Retatrutide acts by agonizing the GLP-1/GIP/glucagon receptors. The biologic candidate is under development for the treatment of type 2 diabetes and obesity.
Investigator-led Phase II tumour trial terminated
TerSera Therapeutics’s LX-1032 (telotristat ethyl) saw its PTSR drop after a Phase II trial in neuroendocrine tumours (NET) was terminated. The PTSR decreased by 10 points to 38% in NET. The trial was sponsored by Dr Lowell Anthony, a NET treatment specialist at the University of Kentucky Markey Cancer Center.
The investigator-led trial’s status was updated on ClinicalTrials.gov from recruiting to terminated on 20 February, and GlobalData evaluated the asset on 22 February. As per ClinicalTrials.gov, the study was terminated because the sponsor cancelled the research.
The open-label Phase II trial (NCT04543955) evaluated the effect of LX-1032 on the antitumor efficacy of Novartis’s Lutathera (lutetium Lu 177 dotatate) therapy in NETs. The study aimed to recruit 70 adult participants with metastatic or unresectable, histologically confirmed well-differentiated grade 1 and 2 NETs, but ended up recruiting only one patient.
The trial tested the hypothesis that inhibition of serotonin production with LX-1032 will complement the anti-tumour activity of Lutathera. LX-1032 is a tryptophan 5-monooxygenase inhibitor that acts by regulating serotonin synthesis. LX-1032 is marketed for carcinoid syndrome under the brand name Xermelo.
Termination of Phase I/II oncology trial
Basilea Pharmaceutica’s derazantinib saw its PTSR fall after a Phase I/II trial was terminated. The PTSR dropped by 26 points to 19% in adenocarcinoma of the gastroesophageal junction and by 23 points to 12% in gastric cancer.
The trial’s status was updated from ongoing, recruiting to terminated on ClinicalTrials.gov on 16 February, and GlobalData evaluated the asset the following day. The trial was terminated prematurely for administrative reasons not related to patient safety.
The purpose of Phase I/II trial (NCT04604132) was to evaluate the efficacy of derazantinib alone or in combination with paclitaxel, ramucirumab, or atezolizumab in patients with HER2-negative adenocarcinoma of the stomach or gastro-esophageal junction harboring FGFR2 genetic aberrations. The trial enrolled 47 patients.
Derazantinib is a pan-FGFR and CSF1R inhibitor. The drug candidate is under development for the treatment of intrahepatic cholangiocarcinoma (iCCA), adrenocortical tumours, advanced solid tumours, and urothelial cell carcinoma.

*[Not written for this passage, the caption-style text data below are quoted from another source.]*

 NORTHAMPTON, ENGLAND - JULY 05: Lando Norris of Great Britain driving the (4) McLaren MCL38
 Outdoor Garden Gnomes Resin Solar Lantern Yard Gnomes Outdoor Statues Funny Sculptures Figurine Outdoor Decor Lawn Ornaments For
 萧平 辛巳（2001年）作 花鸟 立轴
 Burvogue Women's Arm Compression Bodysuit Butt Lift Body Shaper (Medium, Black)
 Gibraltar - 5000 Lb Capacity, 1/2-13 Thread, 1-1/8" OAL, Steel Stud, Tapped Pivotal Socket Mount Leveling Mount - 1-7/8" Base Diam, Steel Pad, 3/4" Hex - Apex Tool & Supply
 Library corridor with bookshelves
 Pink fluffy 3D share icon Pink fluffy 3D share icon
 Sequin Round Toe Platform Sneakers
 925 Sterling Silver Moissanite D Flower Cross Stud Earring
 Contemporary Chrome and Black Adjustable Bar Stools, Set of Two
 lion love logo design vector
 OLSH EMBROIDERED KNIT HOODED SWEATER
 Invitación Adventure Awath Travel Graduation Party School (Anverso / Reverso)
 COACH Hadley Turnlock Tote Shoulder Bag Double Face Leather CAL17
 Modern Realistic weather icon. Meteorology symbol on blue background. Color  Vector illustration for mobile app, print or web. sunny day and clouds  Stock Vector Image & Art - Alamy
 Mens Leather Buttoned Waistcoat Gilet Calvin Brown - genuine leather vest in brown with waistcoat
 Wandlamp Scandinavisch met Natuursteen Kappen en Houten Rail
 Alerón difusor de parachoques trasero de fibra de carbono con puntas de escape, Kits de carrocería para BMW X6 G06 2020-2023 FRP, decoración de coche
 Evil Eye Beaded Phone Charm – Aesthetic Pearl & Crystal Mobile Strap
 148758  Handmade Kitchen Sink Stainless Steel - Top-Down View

Phase I urothelial cancer trial terminated
Bristol Myers Squibb’s Yervoy (ipilimumab) saw its PTSR decline after a Phase I oncology trial was terminated because the business objectives have changed. The PTSR decreased by 35 points to 44% in metastatic transitional (urothelial) tract cancer. GlobalData evaluated the asset on 27 February, after a ClinicalTrials.gov update on 24 February.
The open-label trial (NCT04311710) evaluated the drug levels of Yervoy as a monotherapy or in combination with Opdivo (nivolumab). The trial enrolled 21 patients with various tumour types.
Yervoy is a monoclonal antibody that targets cytotoxic T lymphocyte associated antigen 4 (CTLA-4). It was approved in various oncology indications in 2011.
Need to know:
GlobalData’s proprietary model uses a combination of machine learning and an algorithm to calculate an individual drug’s PTSR and LoA. While LoA provides the probability of a drug ultimately receiving market authorization, PTSR indicates the probability of a drug’s advancement to the next stage of clinical development. The model uses datapoints from individual drugs, clinical trials, regulatory milestones, company, and financial databases.